Prora

Prora est une station balnéaire allemande, construite sous le régime nazi. Situé sur l’île de Rügen à 300 km au nord de Berlin, le complexe monumental, construit en béton de 1936 à 1939 pour l’organisation de loisirs Kraft durch Freude[1] et resté inachevé du fait de l'entrée en guerre, représente un cas d'école pour l'étude de l'architecture nationale-socialiste.

Contexte

« Prora » se situe sur une large baie entre les régions de Sassnitz et de Binz, près de Prorer Wiek, sur la bande étroite couverte de bruyère, appelée le Prora, qui sépare le Jasmunder Bodden de la mer Baltique. Les bâtiments s’étendent sur plus de 4,5 kilomètres et sont situés à environ 150 m de la plage. La côte offre une plage plate de sable, longue de 10 km, qui s’étend de Binz au Fährhafen, le port des ferrys. Cette plage est donc un endroit idéal pour y ériger un bâtiment en bord de mer. Ce complexe massif, surnommé « colosse de Rügen », « colosse de Prora », ou « cité balnéaire du IIIe Reich », devait devenir la plus grande station balnéaire du monde, avec une capacité d'accueil, devant s'élever à plusieurs millions de vacanciers par an.

Vue panoramique

Construction et aménagements

Plan en 1945 et en 2009.

Ce complexe balnéaire répond à un double objectif. D'une part, il doit satisfaire la demande naissante de lieux de villégiature pour les travailleurs en vacances. D'autre part, en répondant à cet objectif social, il doit canaliser cette demande vers des structures agréées par le pouvoir. « Prora » est donc conçu pour loger 20 000 vacanciers. Chaque travailleur du pays devant pouvoir passer des vacances à la plage (mis à part les non aryens, ceux qui avaient épousé un non aryen ou si l'on était parent d'un enfant handicapé), le projet est colossal. Le caractère populaire et social du lieu est primordial, comme le montre une affiche de propagande, qui présente une famille aryenne type avec quatre enfants, vantant « la force à travers le plaisir » et ajoutant : « et le soir, des pommes de terre ». Cependant, le salaire moyen de l'ouvrier moyen était de 60 reichsmarks (RM) par mois alors que les vacances à Prora auraient coûté 2 RM par jour, ce qui aurait rendu son coût compliqué à assurer pour tous les foyers. Le directeur de Kraft durch Freude, Robert Ley, est à l'initiative du projet ; il se vantait qu'Adolf Hitler lui avait demandé de construire « la plus grande cité balnéaire du monde » (le Führer n'est cependant jamais venu sur les lieux voir les travaux). Prora devait être le cadre d'au total cinq stations balnéaires du même type[2].

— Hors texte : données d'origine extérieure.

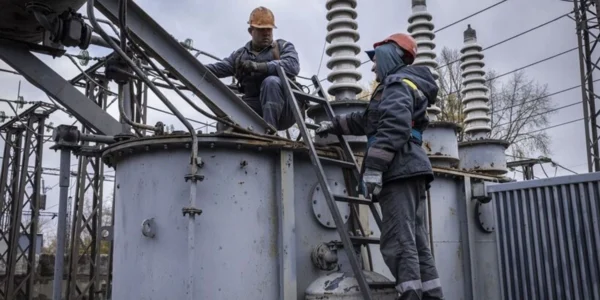 В усіх регіонах України 16 лютого діятимуть графіки погодинних відключень світла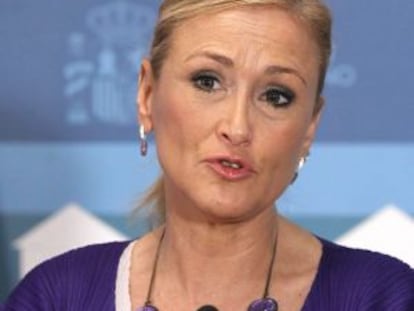 La delegada del Gobierno, Cristina Cifuentes, durante la rueda de prensa.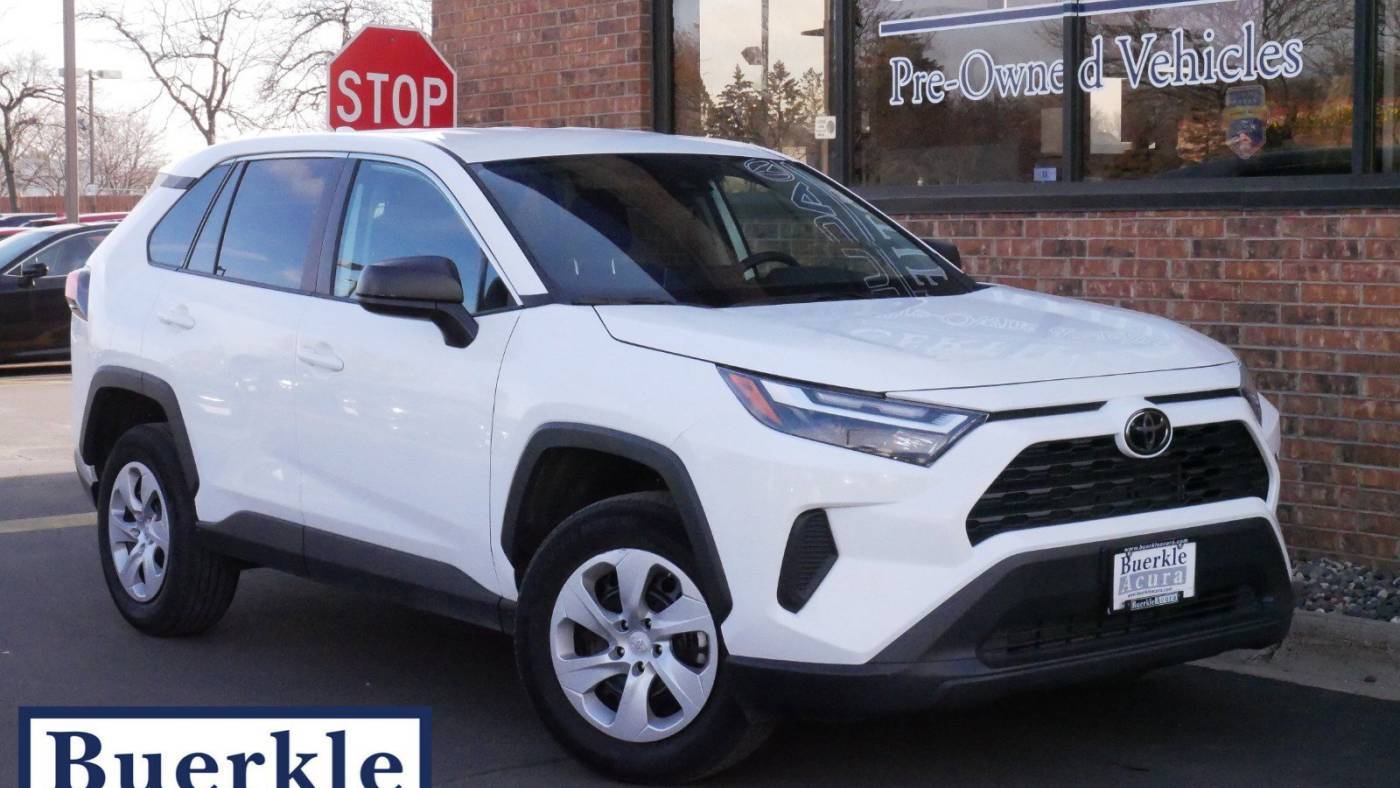 2024 Toyota RAV4 LE — SUV — 32,481 mi — Minneapolis, MN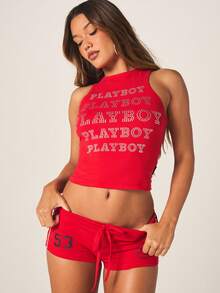 Missguided x Playboy Parte superior de chaleco rojo con detalles de tachuelas metálicas, texto con rhinestones y diseño de espalda de tirantes - Rojo - Ver 5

Conformément aux plans de l'architecte Clemens Klotz (en) (1886-1969), le projet compte huit bâtiments identiques. Le projet initial prévoyait aussi deux piscines (pouvant accueillir chacune 5 000 personnes à la fois), un théâtre, un cinéma et une salle de festival de 25 000 places assises d'architecture néoclassique (40 mètres de haut avec une immense place bordée d'arcades). Un large quai pour bateaux transportant des passagers était également prévu[3]. Mais ces programmes ne seront pas mis en œuvre. Dans les bâtiments, les 10 000 chambres donnent toutes sur l’océan. De 5 × 2,5 mètres, ces pièces devaient comporter deux lits, une armoire ou un placard et un évier. Il y avait également un haut-parleur pour transmettre des messages. Les toilettes et les douches étaient communes. L'aspect communautaire de ces vacances est important et l'individualisme mis de côté : les repas (dans une des dix salles géantes, pouvant chacune accueillir 1 000 personnes), les activités sportives et plus généralement les loisirs se font toujours en groupe[2]. À l’exposition universelle de Paris de 1937, l’ensemble des plans pour le complexe balnéaire « Prora » reçoit le Grand Prix de l’Architecture.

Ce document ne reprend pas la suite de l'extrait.